# AER amplifier - repair



## Towzer (Feb 14, 2009)

FOlks any one know of a repair person in Toronto that has experience with these German made AER acoustic amps
Im needing someone to look at my pots
Getting some hiss from a couple

Thanks in advance


----------



## Wild Bill (May 3, 2006)

Towzer said:


> FOlks any one know of a repair person in Toronto that has experience with these German made AER acoustic amps
> Im needing someone to look at my pots
> Getting some hiss from a couple
> 
> Thanks in advance


With the more rare brands of amps it may be impossible to find someone who has worked on one before. That being said, if he's a "real" tech it shouldn't matter!

If he understands his electronics theory well he should be fine. If he's just someone who has picked up a few tricks but doesn't really UNDERSTAND how things work then it will be a different story.

If he tells you "I can't get a schematic so I can't work on it at all!" then he's not a "real" tech.

Worse yet, if he can't read a schematic AT ALL then run away!

WB


----------



## nonreverb (Sep 19, 2006)

Wild Bill said:


> With the more rare brands of amps it may be impossible to find someone who has worked on one before. That being said, if he's a "real" tech it shouldn't matter!
> 
> If he understands his electronics theory well he should be fine. If he's just someone who has picked up a few tricks but doesn't really UNDERSTAND how things work then it will be a different story.
> 
> ...


That may be true Bill but tech or no tech, if it's an SMT amp it's all for not if you don't have the equipment and schematics to deal with the repair properly.


----------



## Wild Bill (May 3, 2006)

nonreverb said:


> That may be true Bill but tech or no tech, if it's an SMT amp it's all for not if you don't have the equipment and schematics to deal with the repair properly.


I agree, NR. A good soldering/desoldering station for SMT work is about $600. It takes a lot of repair hours to pay for itself.

Still, low sales volume "boutique" amps tend not to be SMT based. You need high manufacturing volumes to justify the automated assembly that goes with SMT stuff. We're talking production runs of at least hundreds, if not thousands, at a time.

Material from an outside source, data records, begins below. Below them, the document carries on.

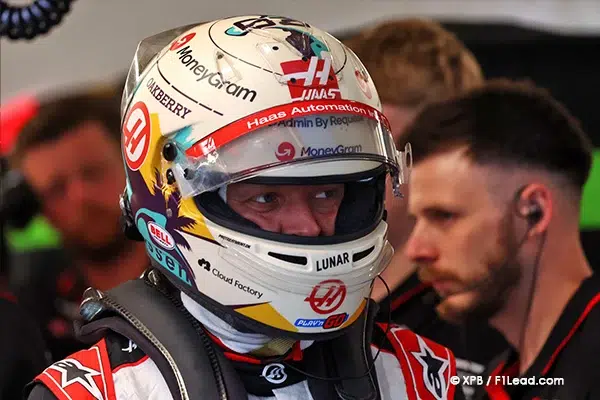 Haas F1's Mixed Day Magnussen Shines Hülkenberg Wavers
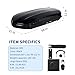 Rooftop Cargo Box Carrier, 19.4 Cubic Hardshell Rooftop Cargo Carrier, Dual-Side Opening, Universal Fit for Cars & SUVs, 165Lbs Weight Capacity with Secure Straps&Keys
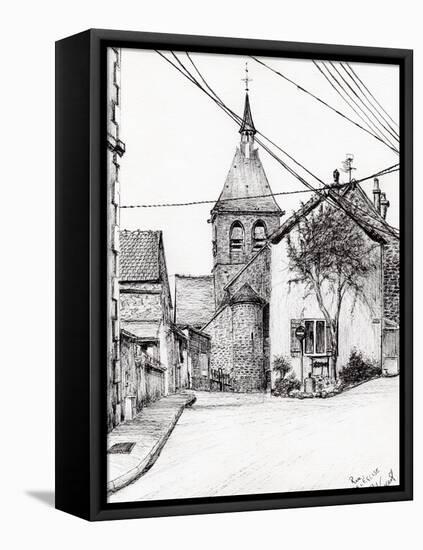 Church in Laignes, France, 2007-Vincent Alexander Booth-Framed Premier Image Canvas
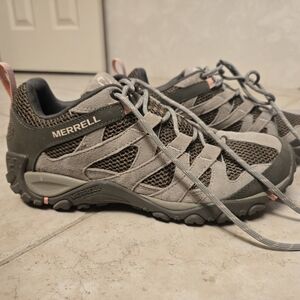 Merrell Gray and Pink Hiking Shoes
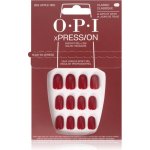 O.P.I. OPI xPRESS/ON Big Apple Red 30 ks – Sleviste.cz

Also, tube amps tend not to suit SMT designs. Resistors are 1/8 and 1/4 watt in the SMT world. 1/2 watt is getting rare and power resistors are in the realm of mystery. SMT doesn't fit comfortably with higher currents/wattages and close pin spacings lead to voltage arcing.

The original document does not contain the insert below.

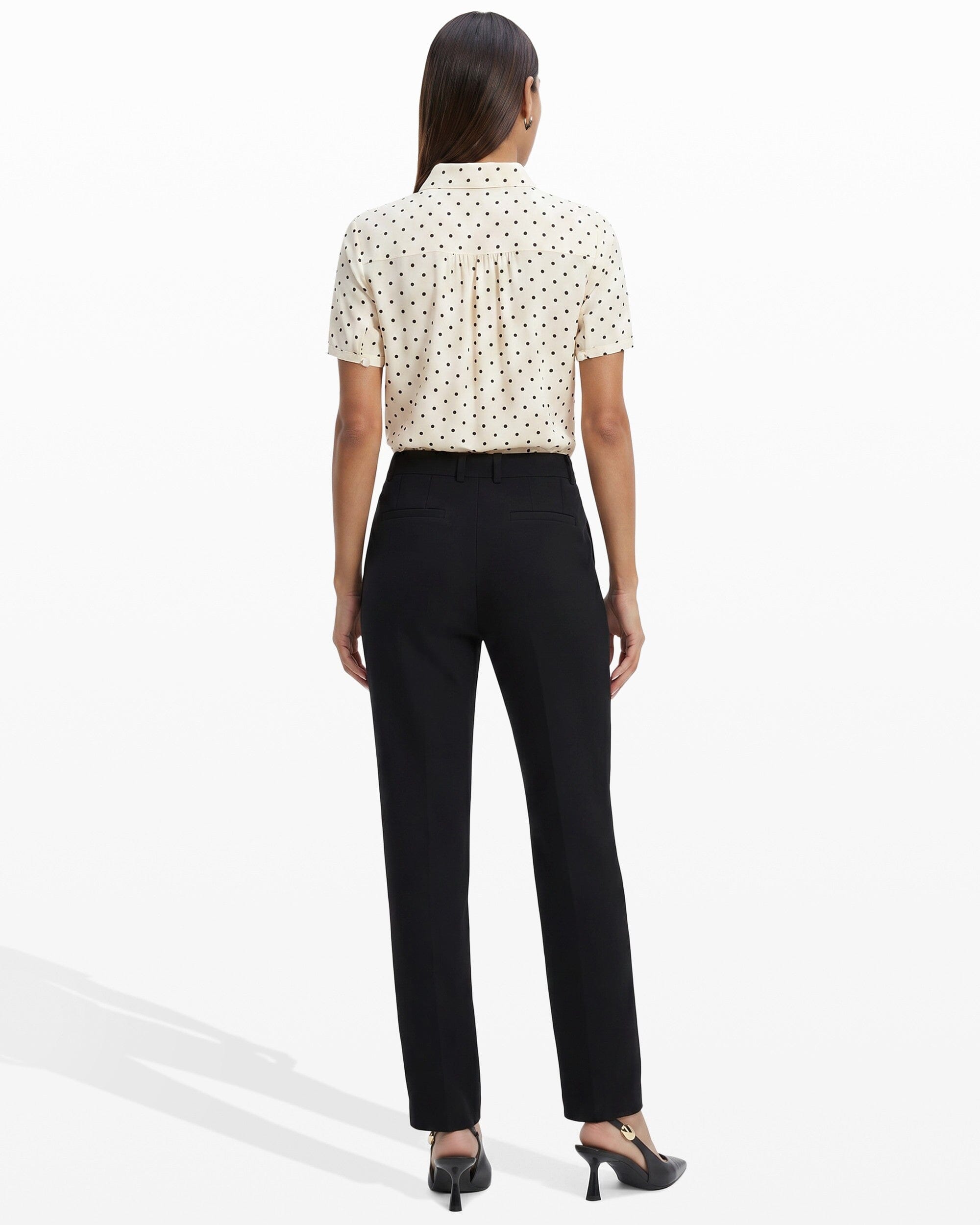 Anne Klein Stretch Flare Leg Pants - Black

SS amps and SS bass amps are moving quickly towards SMT designs. It's not as hard as these amps for manufacturing purposes are really not much different from consumer hifi products. Unfortunately for their owners, this can put them in the same category as a home stereo receiver - not worth fixing compared to the cost of a second hand replacement. Hifi stuff is so crammed together and hard to work on that few find it worth the effort anymore. You put in a lot of labour and the repair bill exceeds the cost of replacement.

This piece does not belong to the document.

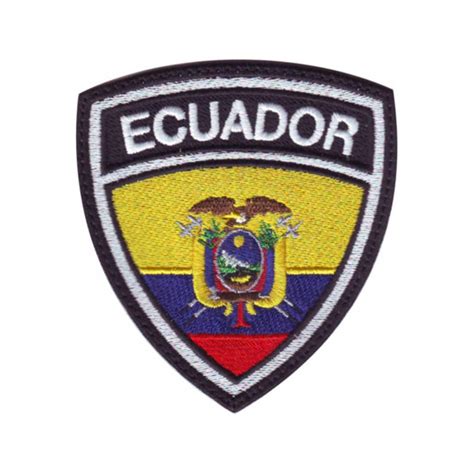 Ecuador Crest Flag Embroidered Patch Etsy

If you find yourself cursing about SMT parts on Traynor/Yorkville Sound stuff that you get for repair, you can blame me for much of it! Before I left the industry I spent a lot of time with their engineering helping them with components for SMT designs.

They have EXCELLENT engineers, by the way!

WB


----------



## nonreverb (Sep 19, 2006)

Wild Bill said:


> I agree, NR. A good soldering/desoldering station for SMT work is about $600. It takes a lot of repair hours to pay for itself.
> 
> Still, low sales volume "boutique" amps tend not to be SMT based. You need high manufacturing volumes to justify the automated assembly that goes with SMT stuff. We're talking production runs of at least hundreds, if not thousands, at a time.
> 
> ...


True enough Bill, however, it's surprising just how many tube amps and higher end stuff are now integrating SMT into their designs. Anything with any kind of digital effects now are all SMT based circuits. I have even seen it on a Randall amp if memory serves. I suppose it's the wave of the future for most factory produced stuff. Too bad it's a nightmare to work on.


----------